En Iraq el 80% son musulmanes, el 15% de cristianos y el resto de otras religiones. Nos entrevistamos con el arzobispo de la religión cristiana y con uno de los líderes más importantes de los musulmanes, ambos coincidían en sus opiniones: “Queremos vivir en armonía entre las religiones, creemos que los dioses son los mismos, pero los llamamos de distinta manera, la historia de los profetas ahí esta; no tenemos ningún problema con los cristianos”, y los cristianos también decían que no tenían problemas con los musulmanes: “vivimos en armonía y no tenemos ningún problema”. Durante nuestra estancia pudimos comprobar lo dicho por los líderes religiosos pues nos encontramos con reuniones de musulmanes conviviendo con cristianos.

¿Estuvieron todo el tiempo en la ciudad de Bagdad?

Para conversar con familias campesinas salimos hacia el norte de Bagdag camino a Mosul, y otro grupo camino a Basora, pero sin llegar a la ciudad. Todo mundo nos decía “cuando vayan a Basora no se espanten pues puede haber bombazos porque desde el 91 hay bombazos cada 17 o 20 días”, sin embargo, insistimos mucho en ir hacia el sur pero era de los puntos finales de la agenda y cuando se acercaba la resolución del Consejo de la ONU, una bomba había matado a quince civiles en un centro de comunicación en Basora y nos dijeron que ya no era prudente ir.

¿Cuál es el balance de la Misión de Paz?

El balance es positivo porque fortaleció lo que se estaba haciendo en el país, de hacerle saber a Fox, al Canciller, que estábamos por la paz y fortalecer la convicción pacifista de México. No se puede dar una guerra a pertir de los intereses económicos y comerciales.

Es la primera vez que se anuncia una guerra y que personas en muchos países respondemos y decimos NO señores, No queremos guerra; hay una conciencia social, una conciencia de ciudadanos del planeta, es la primera vez que la gente toma conciencia de su poder como sociedad civil mundial y salimos a las calles y nos manifestamos y estamos construyendo este poder social, este poder civil.

Los aliados en la guerra tuvieron una oposición muy grande, fue una solidaridad globalizada, saber que podemos hacer acciones en todo el mundo por una misma causa, eso de alguna manera va a fortalecer las movilizaciones sociales.

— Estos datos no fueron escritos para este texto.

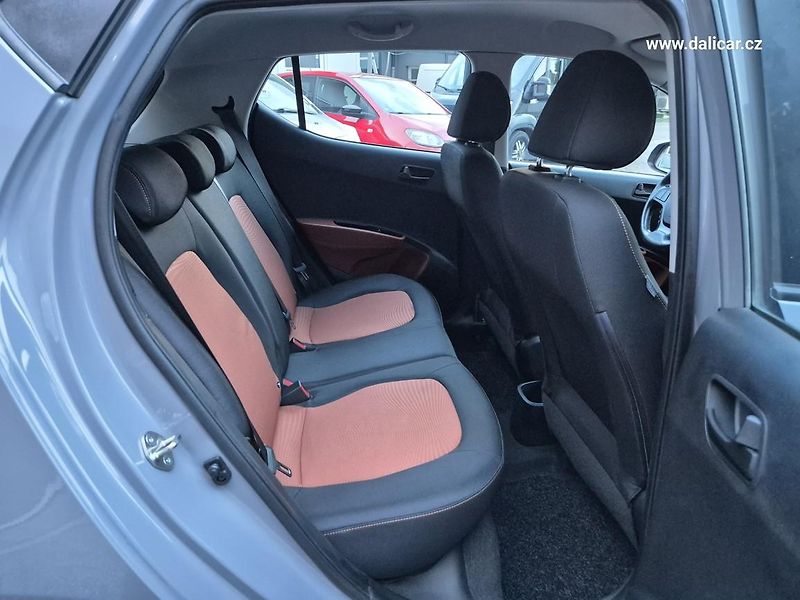 Hyundai i10 (2013) 1.2i 64 KW Klima FIFA Edice - fotka 41 z 53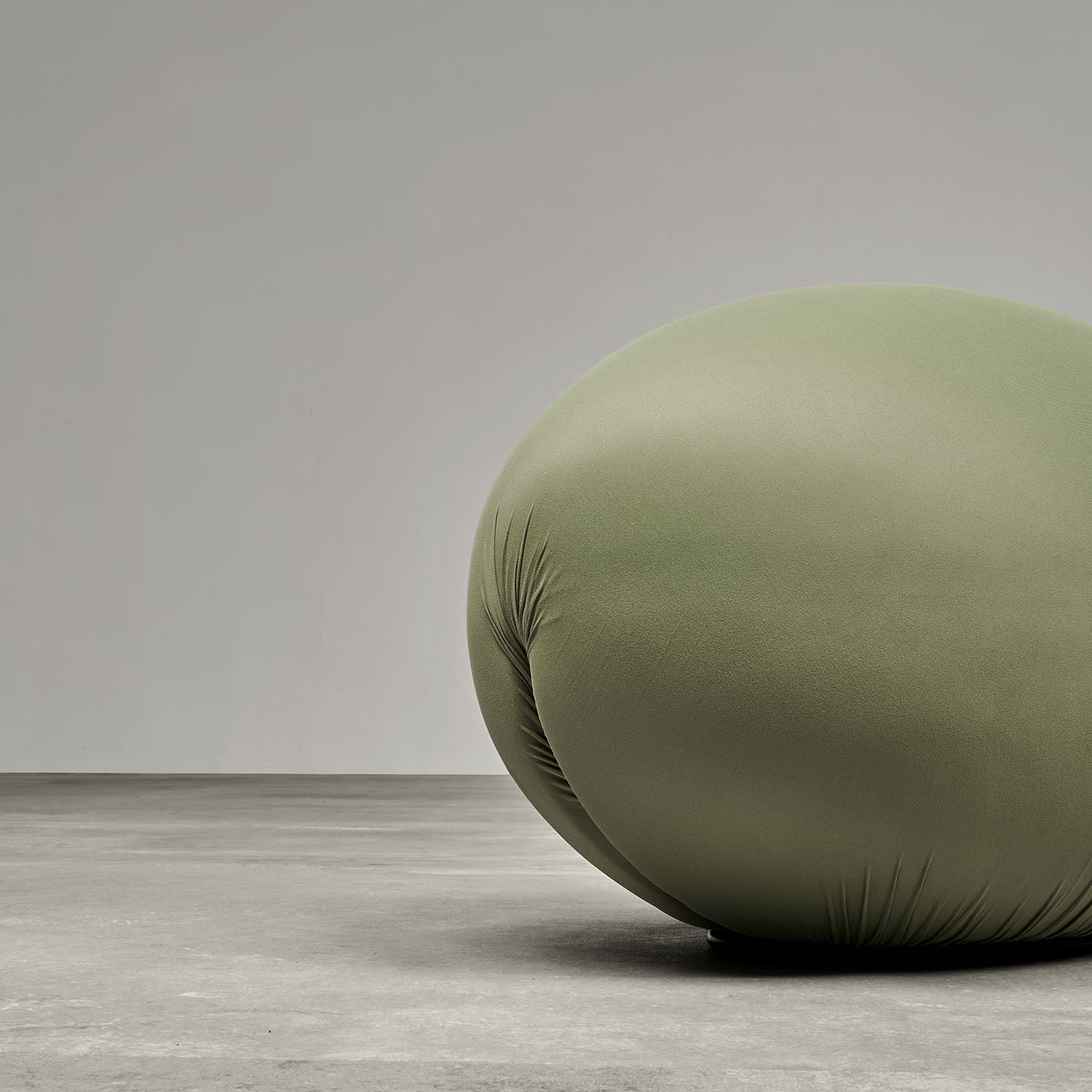 Tato Green Technical Fabric Pouf by Denis Santachiara - Alternative view 1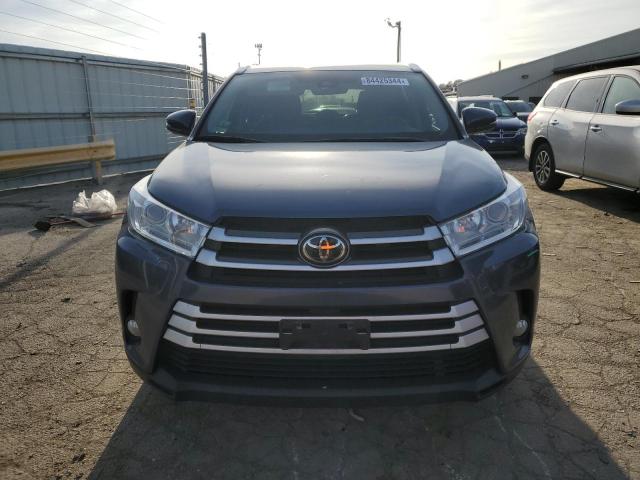Photo 5 from auction – 2017 TOYOTA HIGHLANDER with VIN 5TDJZRFH0HS389713
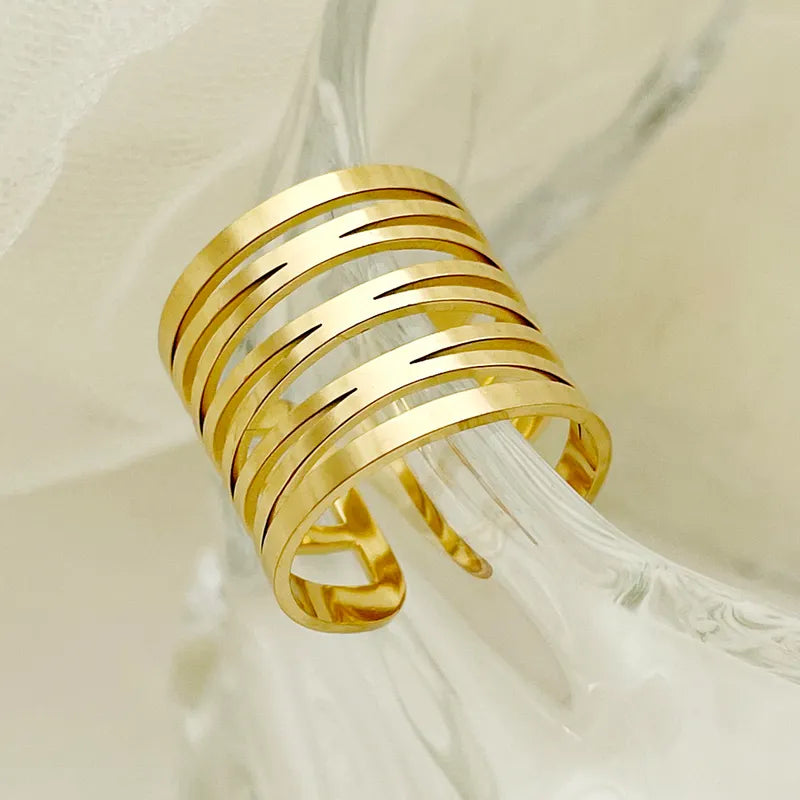 304 Stainless Steel 14K Gold Plated Simple Style Classic Style Asymmetrical Plating Hollow Out Round Flower Open Rings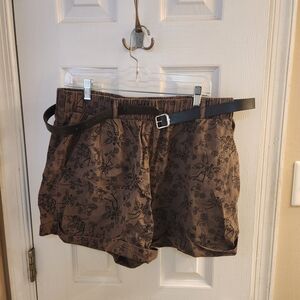 Hot Topic Brown Floral High Waist Shorts with Black Belt
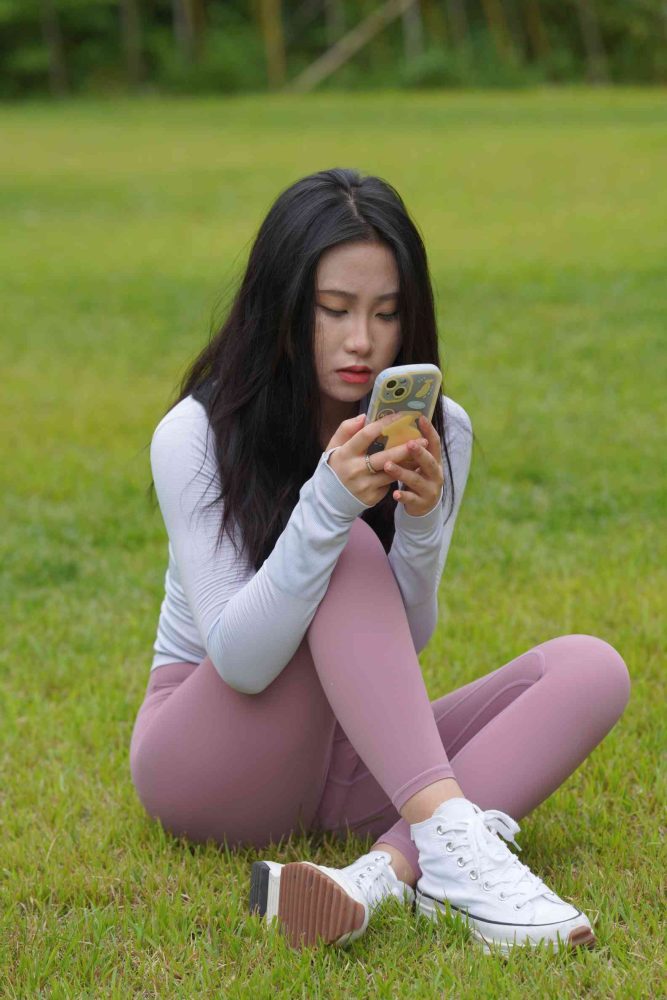 坐在草地玩手机的瑜伽姑娘【733P】04012-思小愿
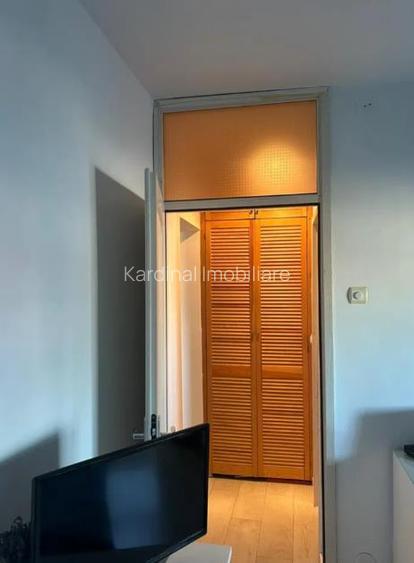 Apartament 2 camere decomandat etaj 3  Aurel Vlaicu - 7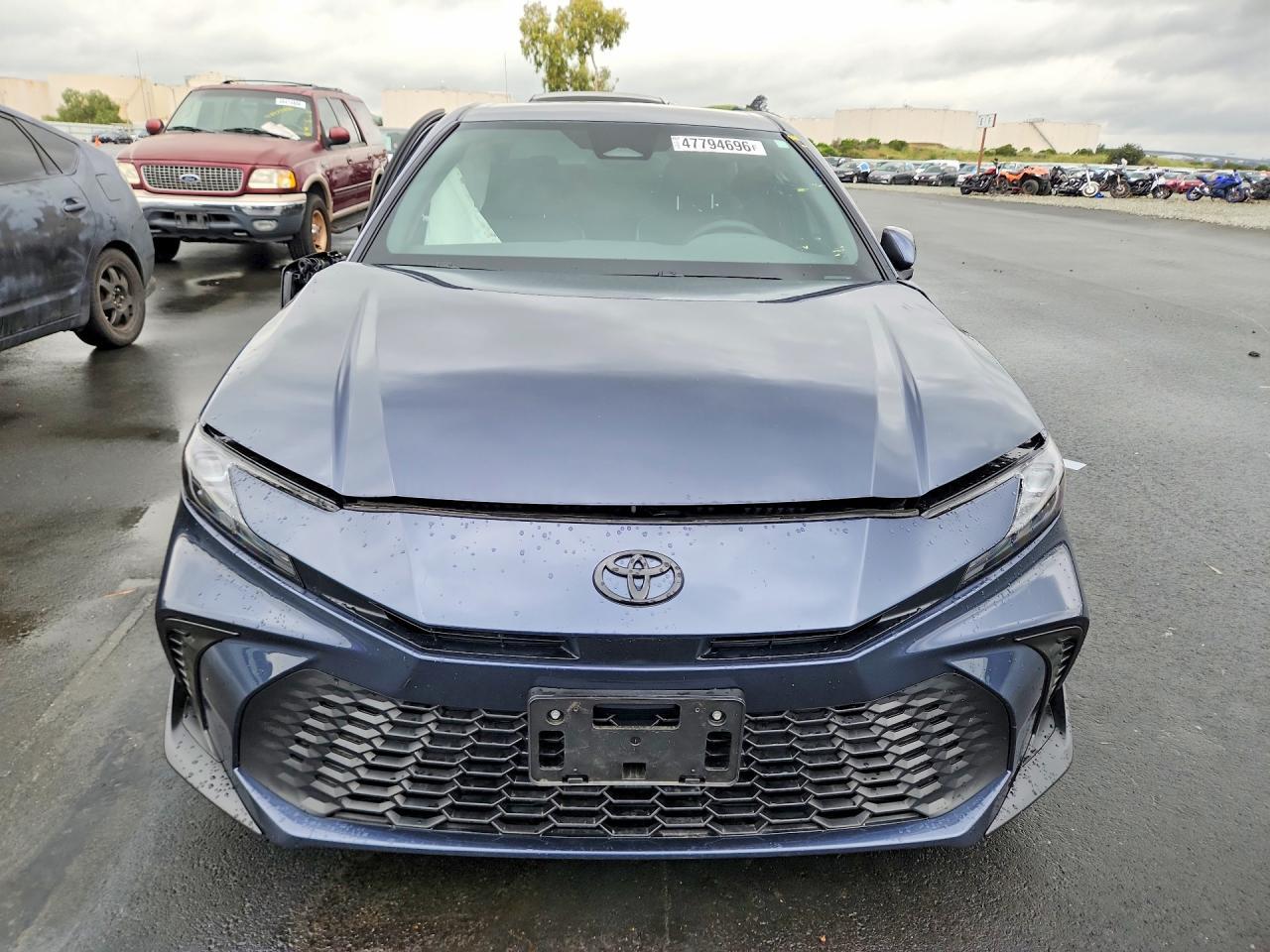 2026 Toyota Camry Se - Image 5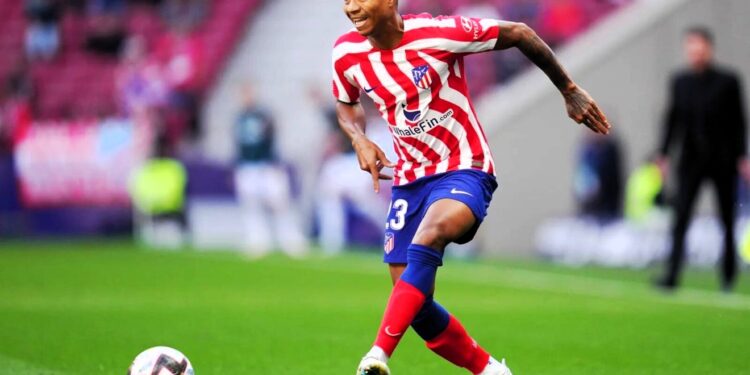 Reinildo Mandava pronto para estreia histórica na Premier League pelo Sunderland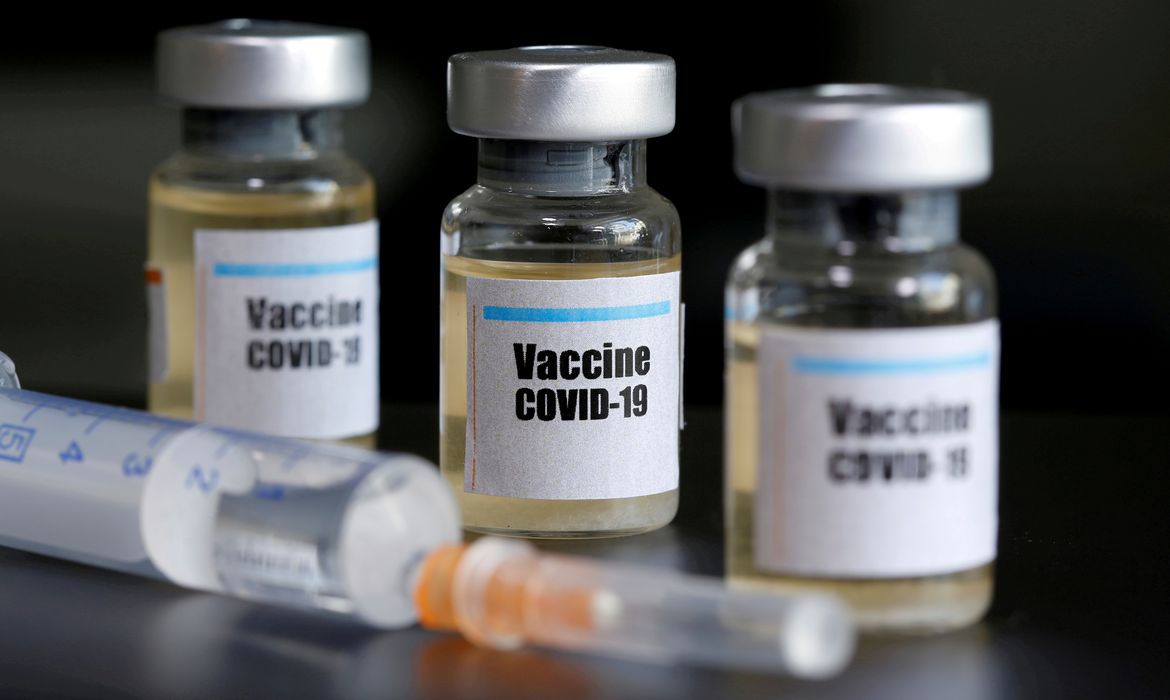 MT recebe mais 101 mil doses de vacinas contra Covid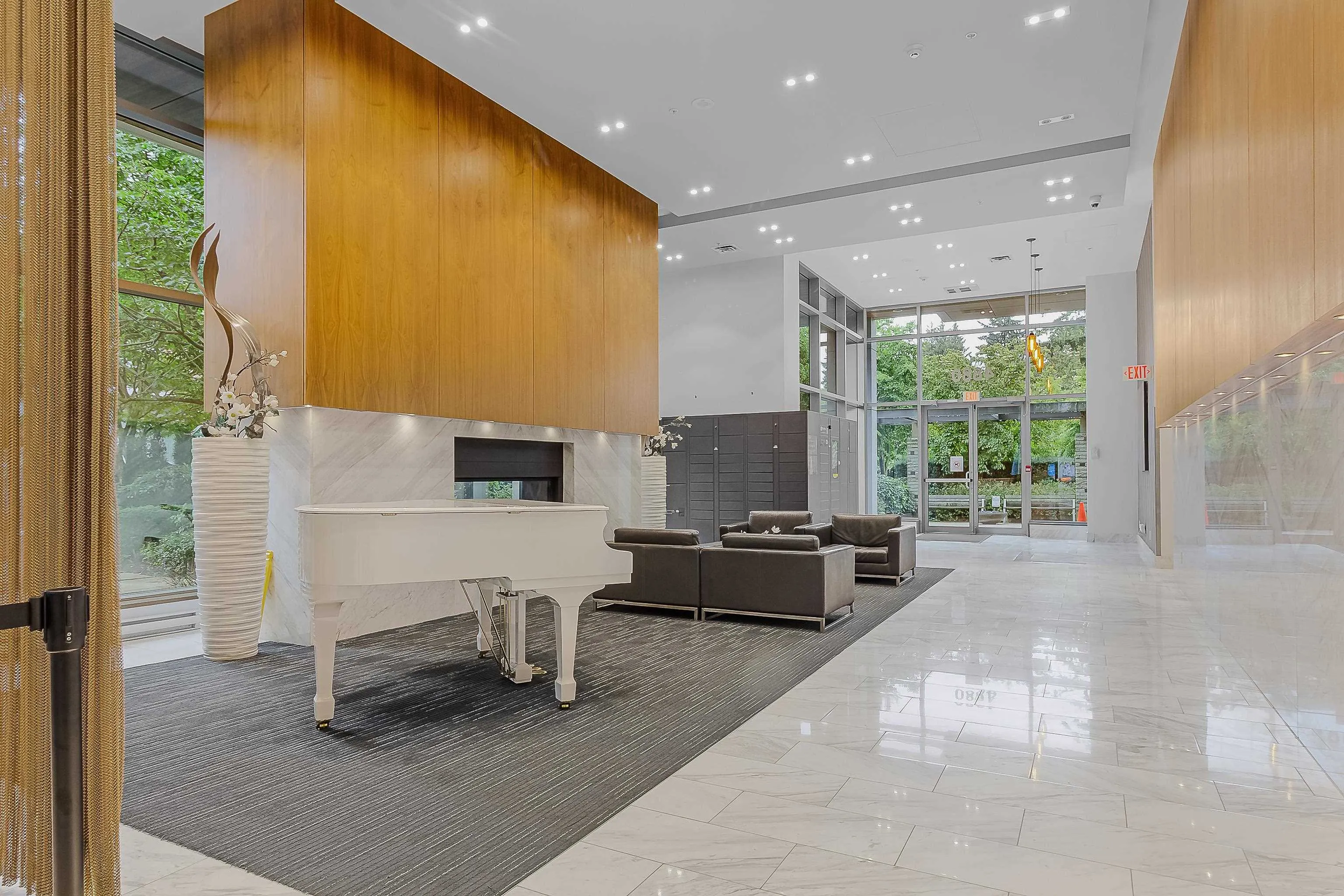 3702 4880 Bennett Street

Hoy en día hay mucha rabia, mucha frustración por no haber podido parar la guerra, que los costos humanos, políticos van a ser altos, y esto es lo que nos toca hacerle ver a los gobernantes del mundo, a los políticos; que no puede haber tanta barbarie sin costos, que no puede haber decisiones de ese tipo sin costos.

Si, es evidente que en todos nos queda un sentimiento de frustración, pues tantos millones de voces no pudimos parar la guerra, pero tampoco podíamos quedarnos cruzados de brazos frente a la masacre.

* Además de Nuria Marrugat el grupo estuvo integrado por: Mario Saucedo de la Secretaría de Relaciones Internacionales del PRD; Adrián Belman y Luis Cevallos integrantes de la dirección del SME; Efraín Naranjo de la Red todos los Derechos para Todos, y Daphne Cuevas de Consorcio por el Diálogo Parlamentario y la Equidad, acompañados por Blanche Petrich y José Núñez del diario La Jornada.